Russia's success in the eyes of foreign investors hinges on how the country will deliver on its promised privatization process – and officials present at the Saint Petersburg International Economic Forum (SPIEF) were quick to reassure markets that they still mean business.
Russia's fundamentals are stronger than many other countries' but the government will have to navigate the turbulent waters of the euro zone debt crisis to ensure that the economy stays on the right path, and revenues from privatization would help it do this, analysts said.
Outflows of capital in the first four months of this year amounted to $46.5 billion, more than half of last year's total capital flight, and some analysts have blamed a slowdown in the pace of the privatization process for this.
Last year in August, when current Prime Minister Dmitry Medvedev was president, the government published a plan extending the list of companies slated for selloff.
Crown jewel Sberbank , Russia's largest bank by assets, was on that list as well as VTB bank , Novorossiysk Merchant Sea Port, Sovcomflot shipping company, Sheremetyevo and Vnukovo airports.
The plan also stated that the government intended to fully privatize state oil major Rosneft , Rushydro hydropower giant, oil firm Zarubezhneft, electricity trader Inter RAO UES, diamond miner Alrosa, Russian Agricultural Bank and flag carrier Aeroflot .
State stakes in United Shipbuilding Corporation and United Aircraft Corporation were to be reduced by half and the government's participation in Federal Grid Company, oil pipeline monopoly Transneft, Russian Railways and Uralvagonzavod machine-building company was to be cut to 75 percent by 2016 according to the plan.
However, Vladimir Putin became president of Russia again in March and in May a Kremlin decree sent Russian stocks and the ruble plunging, as it effectively canceled privatization plans for power grids FSK and MRSK, as well as hydroelectric company Rushydro, after it declared them strategic companies in which majority stakes must stay in state hands.
Stanislav Voskresensky, Russian Deputy Minister of Economic Development, told CNBC that the u-turn on the privatization of energy companies did not mean the whole program was dead.
"We are on the right track on privatization," Voskresensky said, noting that last year the government sold a 75 percent stake in rail freight operator First Freight for more than $4 billion, one of the largest privatization deals in the infrastructure sector.
"There are a lot of companies to be privatized.

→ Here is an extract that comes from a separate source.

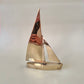 Vintage Brass Sailboat 8.5"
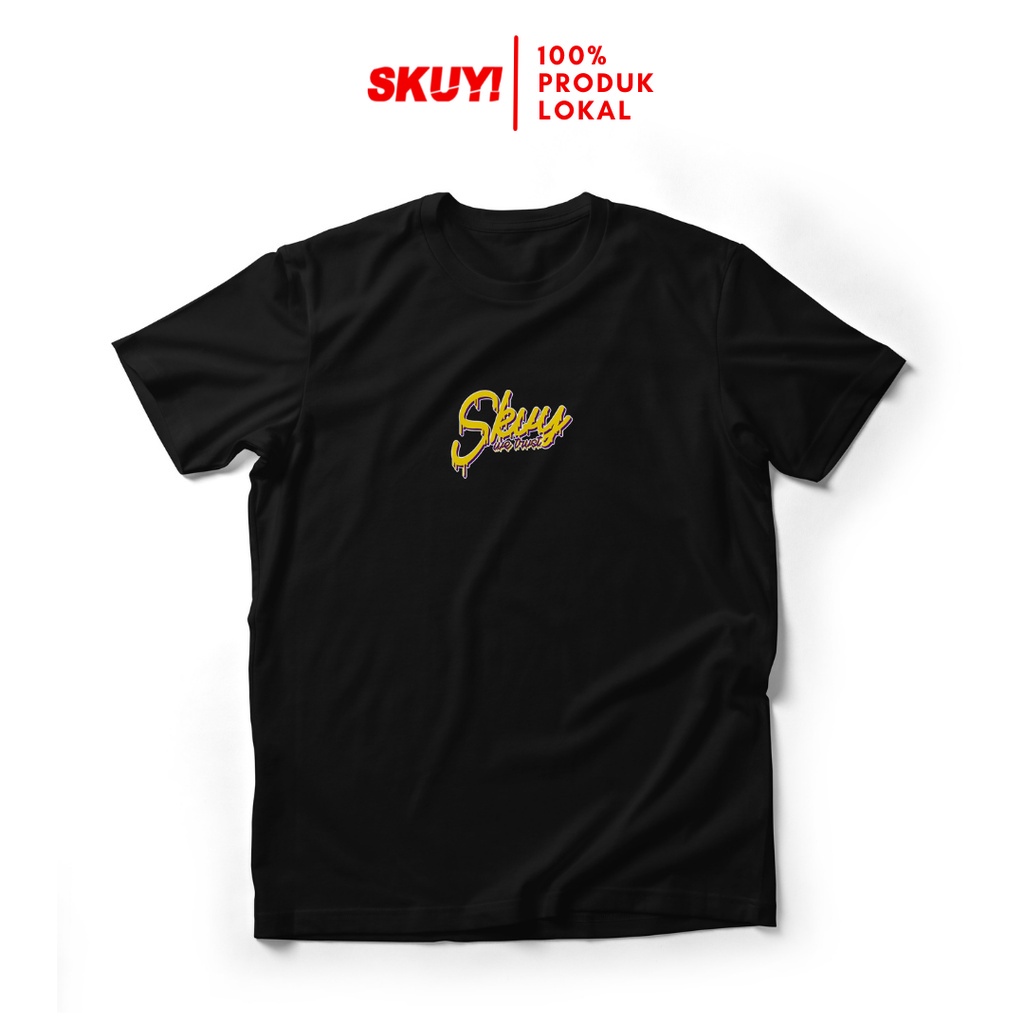 Kaos Skuy Dewasa Hitam Unisex | Colorfull SKY73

Airports, sea ports, etc. – they can be much more attractive to investors than the energy markets," he added, pointing out that the government hired foreign and Russian consultants and investment bankers to make the process more transparent.

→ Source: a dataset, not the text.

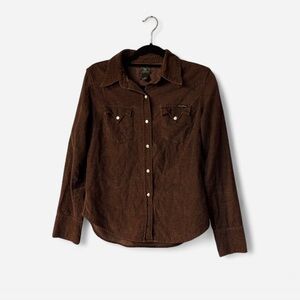 Lucky Brand Brown Button-Up Shirt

Analysts and investors in the country say that even though the pace of the privatization process has slowed, the long-term prospects for Russia were still good.
People who have invested in the country for many years "are able to reap significant benefits for being in Russia," Dmitri Zaitsev, senior partner, Roland Berger Strategy Consultants, told CNBC, adding that it was "just a matter of time" for the country's problems to be solved.
Analysts have said that privatizing state assets will help diminish hurdles such as corruption or too much red tape and that the government should focus on these kind of benefits first, before thinking about the price at which it sells.
On the other hand analysts say that Russian asset prices are ultimately dependent on conditions on the international markets, where investors are spooked by the continuing crisis in the euro zone.
"It's not so much what Russia needs to do; we need to get over this risk-off phase in the markets," Stephen Jennings, CEO at Renaissance Group said.
"Over the last 10 years this is the strongest performing big market in the world. Ironically it's still the cheapest market in the world [looking at price/earnings ratios]. I think for financial investors who are prepared to be objective and take a medium-term view it's a very good opportunity," Jennings added.
Investors were disappointed that world leaders at the G20 meeting earlier this week did not come up with a solution to the euro zone debt crisis. But Voskresensky, who attended the meeting, said it provided strong hopes that the issue will be sorted soon.
"Europe looks like it's on the right track. They promised they will come up with measures during their summit which will take place next week," he said.
Despite worries over the sharp capital outflows, the situation is very different from the one in 2008, when there was "a lot of foreign money in Russia," Clemens Grafe, chief economist at Goldman Sachs in Russia, said.
Russia is trying to reduce its dependence on oil exports for revenues to the budget and Grafe said that if oil prices continue to fall, the country's economy will slow down and the ruble will weaken but "that's what the economy will need in that situation."
However, Goldman Sachs believes that eventually a solution to the euro zone crisis will be found and the global economy will "be fine."
"If that's true the oil price will probably reverse course at some point later this year. And then you will need the government to tighten," Grafe said.
With nominal wage grown at 15 percent, there are risks of overheating even though currently inflation has fallen to its lowest in about 20 years.
"Russia cannot grow at those rates, these numbers will have to come down," Grafe said.